TASK PROMPT :: Reproduce the entire listing exactly. Leave the pictures out.

- - - - -

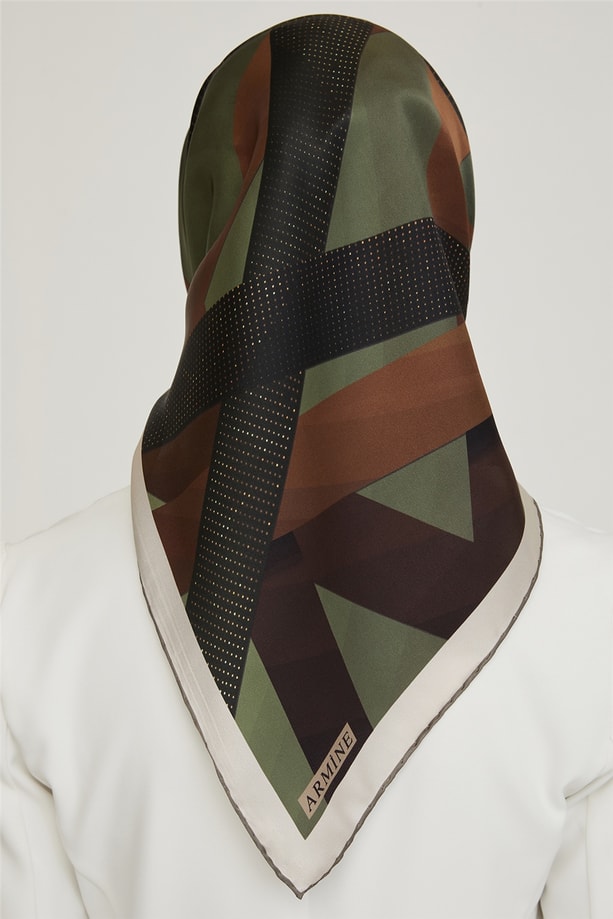 Armine Twill İpek Eşarp 21Ka8618 37
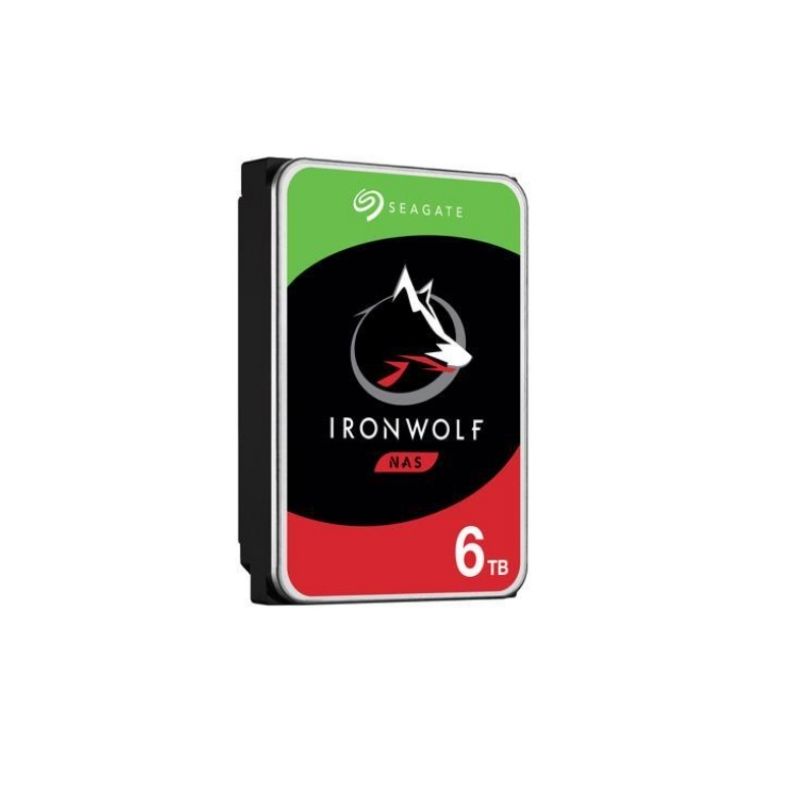 Ổ cứng Seagate Ironwolf 6TB ST6000VN006 (3.5 inch / 5400rpm/ 256MB / SATA3)
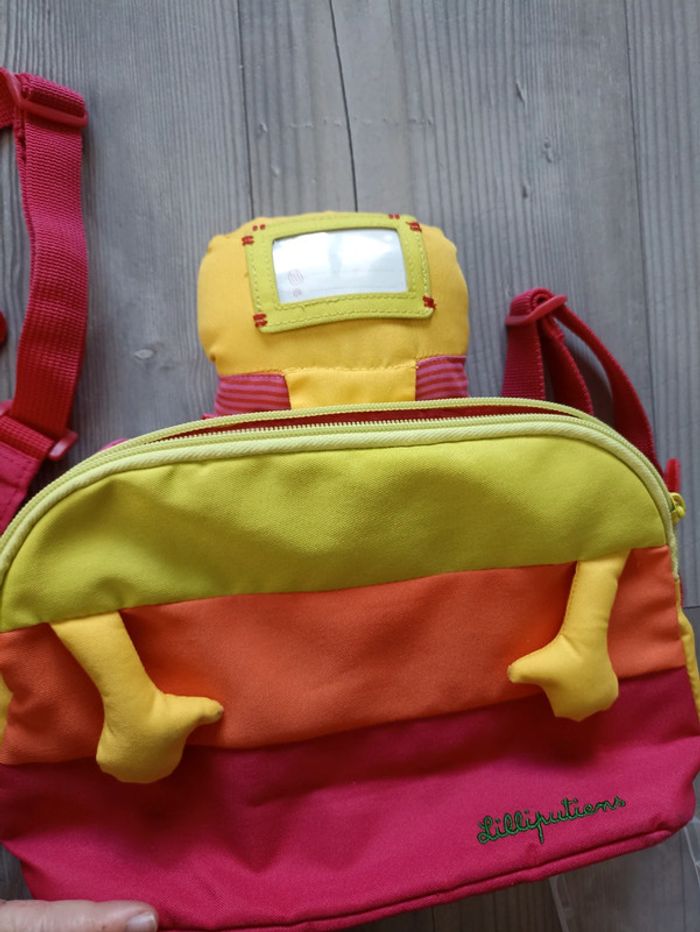 Lots de deux petit sacs crèche - photo numéro 4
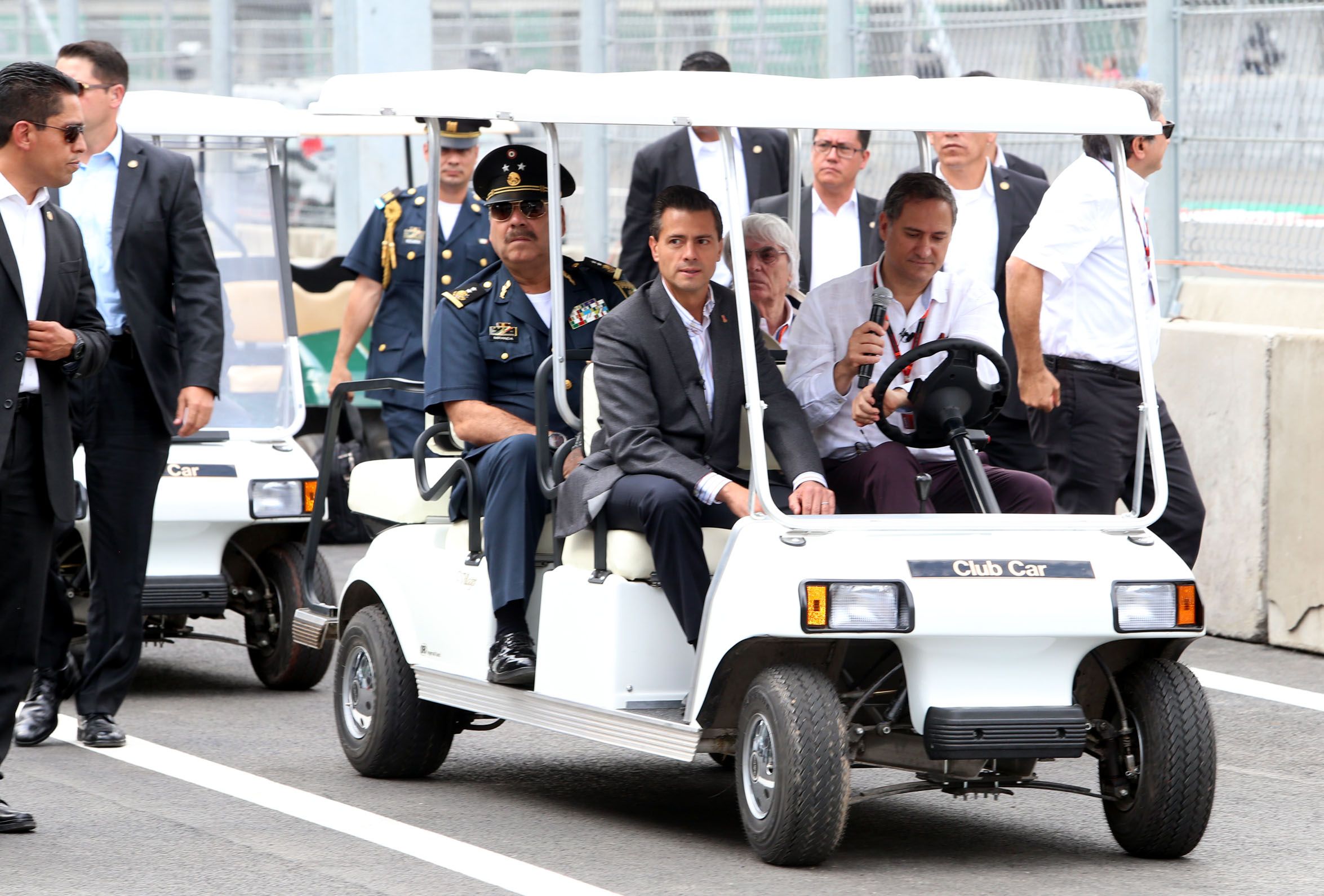 Peña Nieto visita Autódromo Hermanos Rodríguez - EPN-Autódromo
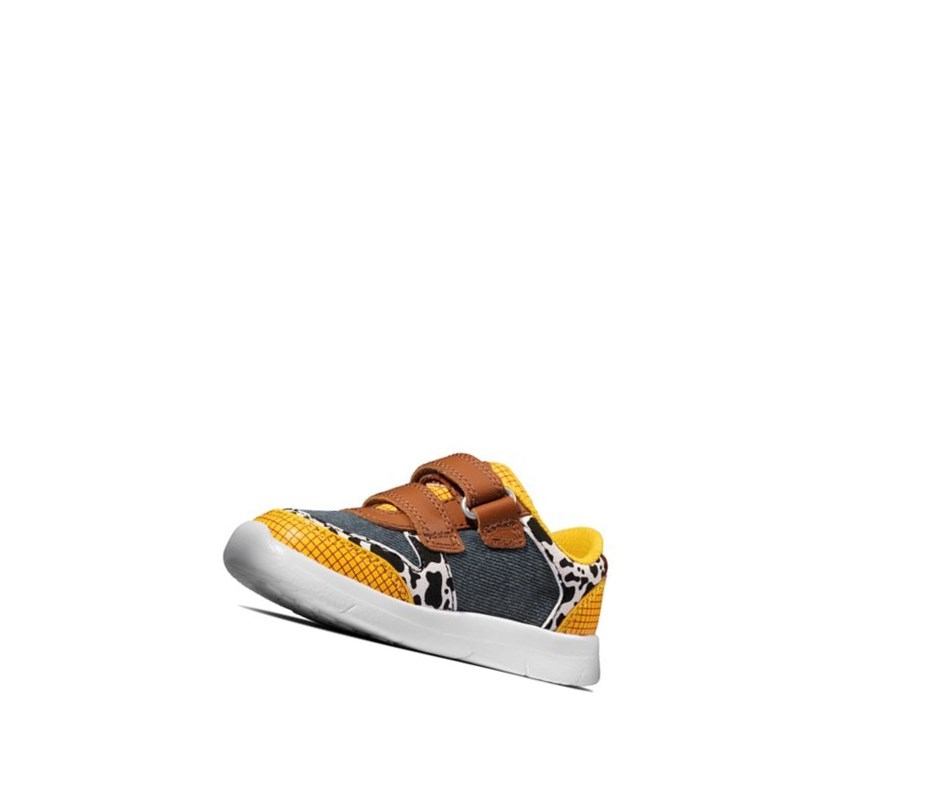 Zapatos Casuales Clarks Ath Howdy Niño Azules | SKVC-78925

- - - - -

WRITTEN REPLY ::
 Armine Twill İpek Eşarp 21Ka8618 37
 Ổ cứng Seagate Ironwolf 6TB ST6000VN006 (3.5 inch / 5400rpm/ 256MB / SATA3)
 Lots de deux petit sacs crèche - photo numéro 4
 Peña Nieto visita Autódromo Hermanos Rodríguez - EPN-Autódromo
 Zapatos Casuales Clarks Ath Howdy Niño Azules | SKVC-78925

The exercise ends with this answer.